BEIRUT: Lebanon’s former Prime Minister Saad Hariri has said that the Shiite Hezbollah movement has lost its claim to bear arms against Israel since joining the war in Syria.
“The idea ... that Lebanon needs the weapons of the resistance (Hezbollah) in order to face the Israeli threat... is an idea that has expired,” Hariri said, a Sunni leader.
Hezbollah’s weapons “have been shifted from fighting the Israeli enemy to fighting the Syrian people,” Hariri said in a television address from Jeddah where he lives.
Widely considered more powerful than Lebanon’s army, Hezbollah never disarmed at the end of the 1975-1990 civil war on the grounds it was necessary to protect the country against Israeli attacks.
In 2006 it fought a bloody 33-day war against Israel that devastated much of the Shiite-majority south and parts of Beirut.
Hariri charged that the weapons belonging to the powerful Shiite movement were being used “to instill fear into Lebanon’s political life.”
In 2008, Hezbollah fighters seized control of a section of western Beirut during clashes with supporters of Hariri, sparking fears of a new civil war in Lebanon.

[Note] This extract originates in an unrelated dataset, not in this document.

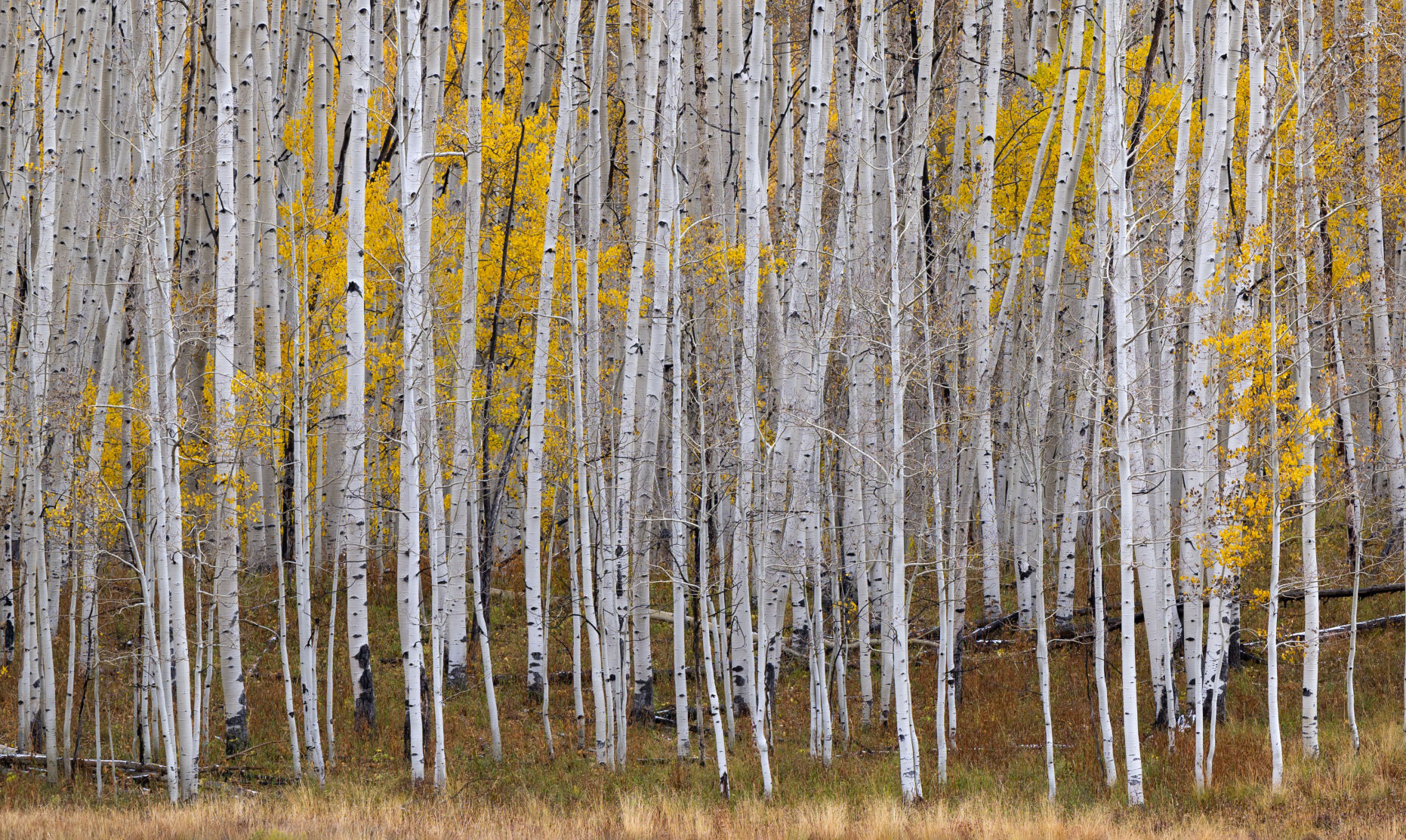 Aspens turn to gold outside Gothic, Colo., Tuesday, Oct. 3, 2023. (The Gazette, Christian Murdock) (Christian Murdock/The Gazette)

Hariri’s remarks come a day after Lebanese President Michel Sleiman said for the first time that Hezbollah’s arsenal should be at the service of the Lebanese state.
On Thursday, Sleiman also said he opposed the Shiite movement’s involvement in the conflict in Syria.
Hariri’s speech also came just hours after Hezbollah chief Hassan Nasrallah made a rare public appearance on Friday at a rally in support of the Palestinians.
Four members of Hezbollah are due to be tried in absentia for the devastating 2005 Beirut seafront bombing that killed billionaire Rafik Hariri and 22 others.